Nobel Laureate, Professor Wole Soyinka has told President Muhammadu Buhari to speak out urgently, to stop the herdsmen crisis before it snowballed into a civil war.
In an interview with BBC Pidgin, Soyinka said the herdsmen crisis is already a war now “right on our door steps”.
He said it is expectedly triggering some kind of mobilisation and stressed the urgent need for resolution.
“If we continue to wait for the resolution to be centrally handled, we are all going to become, if not already, slaves in our land”, he said.
He said the situation is simply intolerable and unacceptable.
He said he has made Governor Dapo Abiodun to understand what was going on.

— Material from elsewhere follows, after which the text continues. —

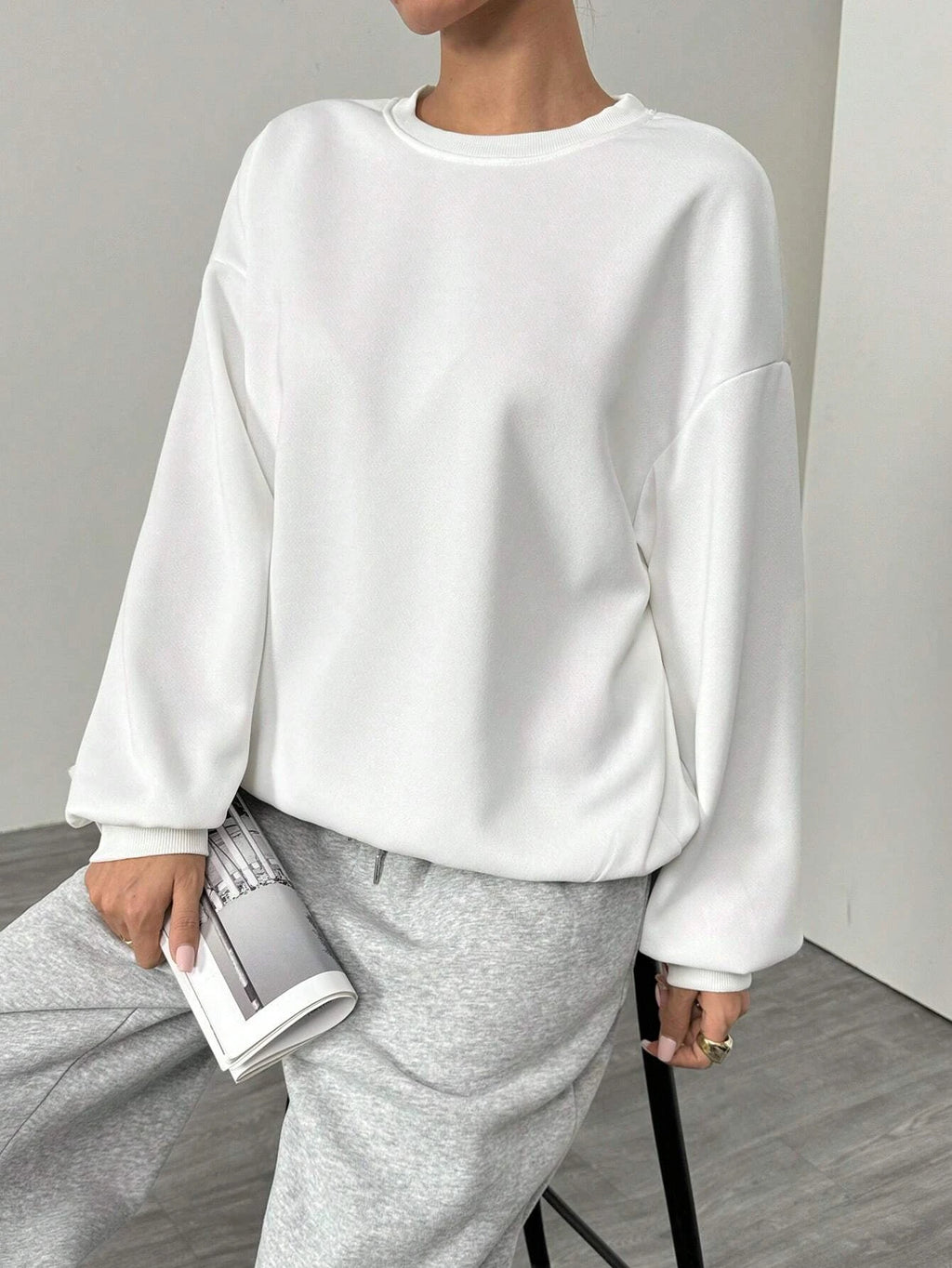 Felpa da donna casual semplice tinta unita ampia a maniche lunghe versione oversize o-collo top basic primavera/autunno streetwear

“We are here not just to live, but live in dignity. Right now our dignity is being rubbished”, he said.
Soyinka who lives in Abeokuta inside a forest said his own space has been violated by the herdsmen.

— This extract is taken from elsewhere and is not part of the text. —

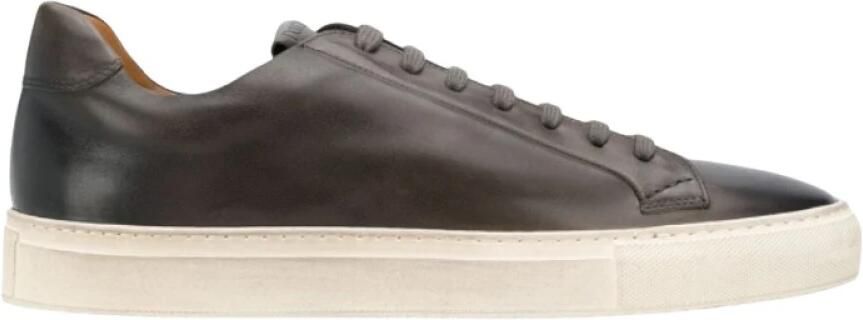 Doucal's Sneaker van leer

“My forest has been taken over. It’s been shrinking, shrinking. My normal hunting rounds have been shrinking, shrinking”.

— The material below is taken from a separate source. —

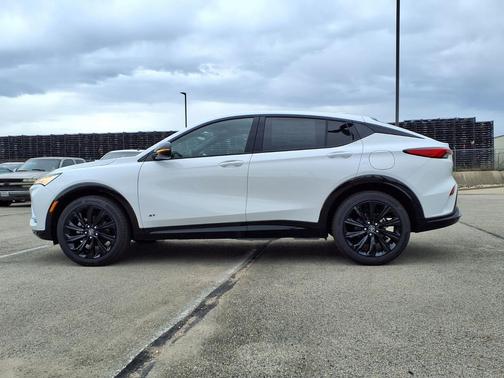 Summit White 2026 Buick Envista Sport Touring FWD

He said he has been warned by his family not to venture into the forest again for any game hunting.
Soyinka said Buhari’s silence amid the atrocities committed by the herdsmen, meant he is complicit to their crimes.
He said Buhari should address the nation in very stern and ambiguous terms and admit openly being patron of the Cattle Rearers Association.
He asked him to admit being a cattle rearer himself and a rancher and that it is a business. And that he runs his business on business terms. That he does not do so by killing or raping people. By displacing or torturing, or occupying land that does not belong to him.
He urged the President to warn the cattle rearers to leave people’s land and order the army and other security agencies to back citizens’ efforts to flush them out.